У меня опять очередное несчастье – через две недели я буду без работы, т<о> е<сть> нашему учреждению не на что нас, небюджетных, живущих на «привлеченные средства», – содержать. А работу найти очень трудно, почти невозможно. Господи, как жить, что делать, о какую стенку головой биться, и ума не приложу! М<ожет> б<ыть> за эти две недели что-н<и>б<удь> чудесным образом наклюнется, хотя шансов на это никаких. Никак не вылезу из серии плохих чудес, никак не попаду в хорошие! (чудеса).
Крепко тебя целую.
Твоя Аля .
Пастернак – Эфрон
25 мая 1950
Дорогая Аля!
О Чехии пришлет тебе Елиз<авета> Як<овлевна>, к Пушкину достанет Крученых, разыщем и о Маяковском. Сейчас все разъезжаются по дачам, это затрудняет.
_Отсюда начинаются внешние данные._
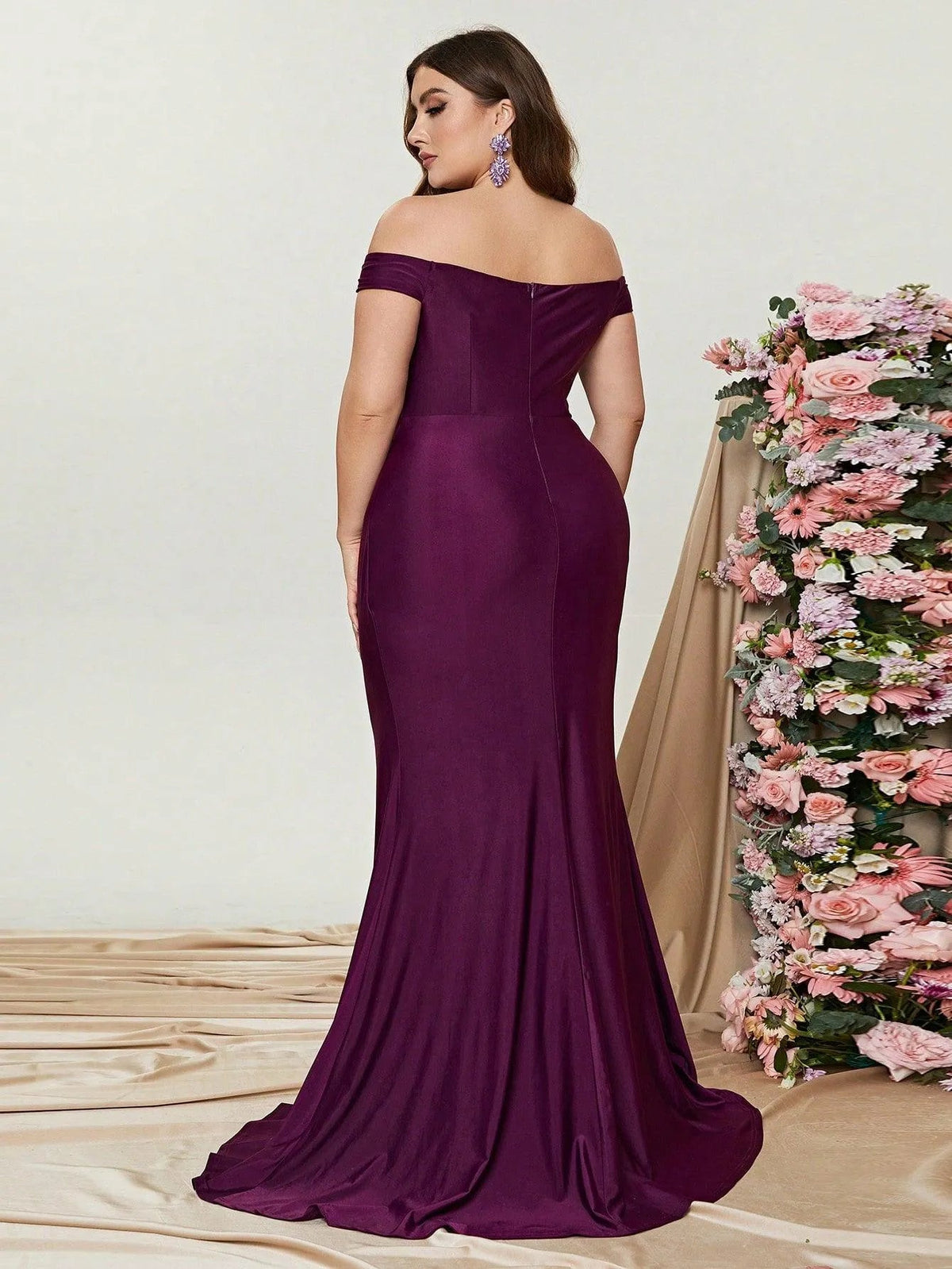 Additional product view of Ruched Wrap Plus-Size Off-Shoulder Knit High-Slit Evening Gown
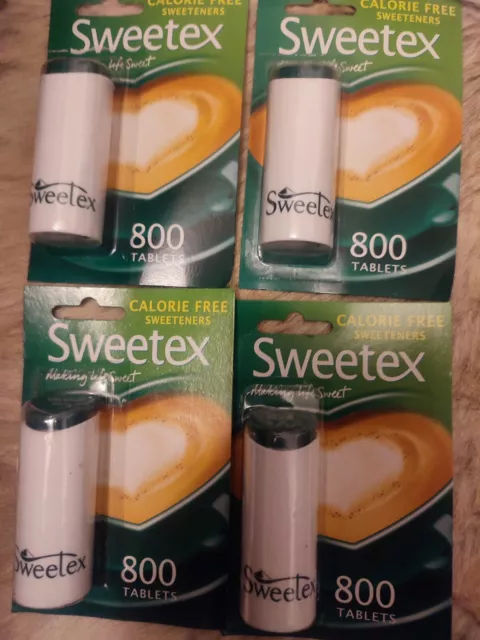 4 x Sweetex Sweeteners Calorie Free | Sugar Substitute - 800 Tablets x 4 Packs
Каждый раз как заходит разговор о маминых книгах или рукописях, это мне как нож в сердце. Разумеется, это укор уничтожающий и убийственный, что у меня ничего не осталось отцовского, Цветаевского, Рильковского, близкого как жизнь и как жизнь растекшегося. [490] Этому нет имени, и ссылки на то, как я живу, как складывалась жизнь и пр<очее>, оправдать меня не могут, а разве только послужить успокоением, что из многих видов преступности это не самый худший. Так, проезжая на антифашистский съезд, где я тебя видел, я не захотел встретиться с родителями, потому что считал, что я в ужасном виде, и их стыдился. Я твердо верил, что это еще случится с более достойными возможностями, а потом они умерли, сначала мать, а потом отец, и так мы и не повидались. Это все одного порядка, и этого много у меня в жизни, но клянусь тебе, не от невнимания или нелюбви!!
У тебя очень хорошо о весне, о ледоходе.
У меня все так же нет ничего своего, что я мог бы послать тебе. Посылаю тебе однотомник Гете нарочно без надписи, чтобы ты могла подарить его Вашей библиотеке с твоей собственной, если это тебе будет интересно.
В однотомнике есть мой перевод Фауста, и не будет ничего удивительного, если он удовлетворит тебя. Сколько принесено было в жизни жертв призванию, какая создана замкнутость и пр<очее>, пора, кажется, научиться. Гораздо удивительнее совершенство остальных переводов, мелких и крупных, людей с более скромным именем, среди которых мой Фауст затерялся.
Это было для меня открытием. И переводить, как оказывается, не стоит, все научались.
Крепко целую тебя.
Как только будет возможность, переведу тебе денег.
Твой Б.
Пастернак – Эфрон
28 мая 1950
Дорогая Аля!
Вот «К Пушкину», достали только вторую половину, первую разыскивают. О Чехии пришлет Елиз<авета> Яковлевна. Это переписал своей рукой Крученых и я не даю переписывать на машинке, чтобы не задерживать.